4.3.2 Using connection Pools
Introduce hikari connection pooling, which is configured at startup
ø The cost of creating a connection is very high. Obtaining a connection from a JDBC connection pool saves the time of creating a connection. Set the connection pool size properly.
ø Reasonable value setting: For example, set the batch value during retrieval, set the optimal pre-value, and set the batch value of the ResultSet, which can improve the performance of retrieval.
ø Transaction optimization: Transaction submission and transaction related locking mechanism will affect the performance of the system. It is necessary to consider setting the transaction isolation level reasonably and the batch submission strategy.
5 Performance Combat experience summary
5.1 The performance of clearing concurrency is poor
5.1.1 Symptom of the problem
When java8 is used for parallel flow computing, it is found that the performance of concurrency does not improve, and the performance deteriorates over time
5.1.2 optimization point
ø Hikari connection pool is introduced to reduce single pen delay to 5ms
ø Disable logging
ø Change SQL to precompiled mode
ø Oracle server improves Oracle memory
5.2 There are many FIN_WAIT2 connections between Hsiar and middle stage
5.3 Check whether Server_name can be configured randomly
6 summary
6.1 Performance Toolbox
6.1.1 Pressure Measuring Tool JMeter
Jmter is an open source pressure measuring tool that is also easy to use. Its use is not introduced, here is mainly about some matters needing attention:
ø Its real-time drawing depends on the response of the server. If the machine is not synchronized with the server time, there will be a fault in the display graph. In order to get a more accurate performance curve, it is recommended to use the command line mode.
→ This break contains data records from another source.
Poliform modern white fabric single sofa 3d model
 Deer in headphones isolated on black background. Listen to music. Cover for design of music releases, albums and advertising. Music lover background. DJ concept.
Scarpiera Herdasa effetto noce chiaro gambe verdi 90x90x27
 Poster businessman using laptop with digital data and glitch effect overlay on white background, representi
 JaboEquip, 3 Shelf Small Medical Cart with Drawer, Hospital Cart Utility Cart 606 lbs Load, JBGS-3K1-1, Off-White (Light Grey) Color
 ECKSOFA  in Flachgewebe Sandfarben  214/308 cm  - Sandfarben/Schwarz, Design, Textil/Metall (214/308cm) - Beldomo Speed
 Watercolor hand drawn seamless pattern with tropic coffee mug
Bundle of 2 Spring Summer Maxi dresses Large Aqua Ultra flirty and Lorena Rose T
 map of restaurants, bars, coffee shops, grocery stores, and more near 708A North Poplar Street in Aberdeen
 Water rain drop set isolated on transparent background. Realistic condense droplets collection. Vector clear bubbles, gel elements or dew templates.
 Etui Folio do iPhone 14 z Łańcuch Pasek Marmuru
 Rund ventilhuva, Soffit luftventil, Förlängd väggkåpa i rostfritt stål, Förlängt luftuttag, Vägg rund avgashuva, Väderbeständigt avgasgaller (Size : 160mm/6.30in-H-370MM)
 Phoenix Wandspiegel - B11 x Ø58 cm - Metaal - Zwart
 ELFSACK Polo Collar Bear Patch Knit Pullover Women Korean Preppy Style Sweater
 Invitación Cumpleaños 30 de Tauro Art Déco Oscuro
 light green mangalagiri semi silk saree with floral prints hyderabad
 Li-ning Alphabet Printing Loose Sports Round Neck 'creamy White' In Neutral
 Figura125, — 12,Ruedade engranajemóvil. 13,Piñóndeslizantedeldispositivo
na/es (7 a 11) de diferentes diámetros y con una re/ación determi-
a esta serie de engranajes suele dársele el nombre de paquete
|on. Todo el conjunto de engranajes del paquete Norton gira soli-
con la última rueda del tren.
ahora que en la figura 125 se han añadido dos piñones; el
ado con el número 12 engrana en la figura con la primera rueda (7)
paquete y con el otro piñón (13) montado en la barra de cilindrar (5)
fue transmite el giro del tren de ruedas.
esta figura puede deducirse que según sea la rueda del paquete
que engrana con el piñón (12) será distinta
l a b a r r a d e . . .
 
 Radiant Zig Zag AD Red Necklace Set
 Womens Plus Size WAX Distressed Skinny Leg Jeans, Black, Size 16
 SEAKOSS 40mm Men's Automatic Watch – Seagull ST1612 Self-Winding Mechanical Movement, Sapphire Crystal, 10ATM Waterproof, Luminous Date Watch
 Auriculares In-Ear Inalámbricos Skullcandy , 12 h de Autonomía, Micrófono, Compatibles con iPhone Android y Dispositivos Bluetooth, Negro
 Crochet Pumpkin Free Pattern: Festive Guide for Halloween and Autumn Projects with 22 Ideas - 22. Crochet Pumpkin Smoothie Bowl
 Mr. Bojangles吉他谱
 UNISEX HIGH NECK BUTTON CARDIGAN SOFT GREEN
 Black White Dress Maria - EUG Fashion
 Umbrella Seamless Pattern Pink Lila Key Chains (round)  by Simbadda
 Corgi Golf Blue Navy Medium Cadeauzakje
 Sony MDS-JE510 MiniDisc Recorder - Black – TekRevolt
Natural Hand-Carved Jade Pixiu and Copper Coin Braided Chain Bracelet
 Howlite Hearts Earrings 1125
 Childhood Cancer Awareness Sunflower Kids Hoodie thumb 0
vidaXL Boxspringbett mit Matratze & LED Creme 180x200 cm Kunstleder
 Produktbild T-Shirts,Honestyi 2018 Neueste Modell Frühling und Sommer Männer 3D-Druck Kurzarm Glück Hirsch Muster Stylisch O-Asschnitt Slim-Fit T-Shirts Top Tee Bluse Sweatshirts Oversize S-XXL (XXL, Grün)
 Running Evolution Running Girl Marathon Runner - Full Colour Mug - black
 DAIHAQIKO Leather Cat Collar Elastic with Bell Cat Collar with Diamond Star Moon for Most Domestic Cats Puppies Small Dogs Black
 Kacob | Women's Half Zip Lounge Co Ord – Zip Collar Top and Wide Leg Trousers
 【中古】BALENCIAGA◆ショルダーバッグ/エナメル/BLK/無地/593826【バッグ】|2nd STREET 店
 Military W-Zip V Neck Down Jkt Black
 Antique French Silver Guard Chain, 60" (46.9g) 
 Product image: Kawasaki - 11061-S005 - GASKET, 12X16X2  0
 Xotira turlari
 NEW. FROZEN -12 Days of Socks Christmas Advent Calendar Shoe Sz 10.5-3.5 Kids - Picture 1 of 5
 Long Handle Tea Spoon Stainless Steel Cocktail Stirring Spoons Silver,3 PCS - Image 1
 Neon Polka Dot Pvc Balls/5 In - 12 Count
ø Sometimes we find that the pressure measurement performance is not good. The possible reason lies in the client. Main considerations: the client CPU is not sufficient to support the required number of client threads, or the client takes a significant amount of time to process the response before sending the request.
6.1.2 JVM
In addition to the tools that come with the JDK mentioned above, MemoryAnalyzer from IBM and the commercial software JProfile are powerful.
6.1.3 Database Related
For database performance monitoring, you can use Spotlight, which is supported in different versions based on mysql and Oracle.
6.1.4 Network related
The Tcpdump command in Linux is used to export captured packets and then use the Wireshark to analyze the captured packets.
This article summarizes general ideas for Java performance tuning and shares some common best practices for performance tuning. I hope it’s helpful.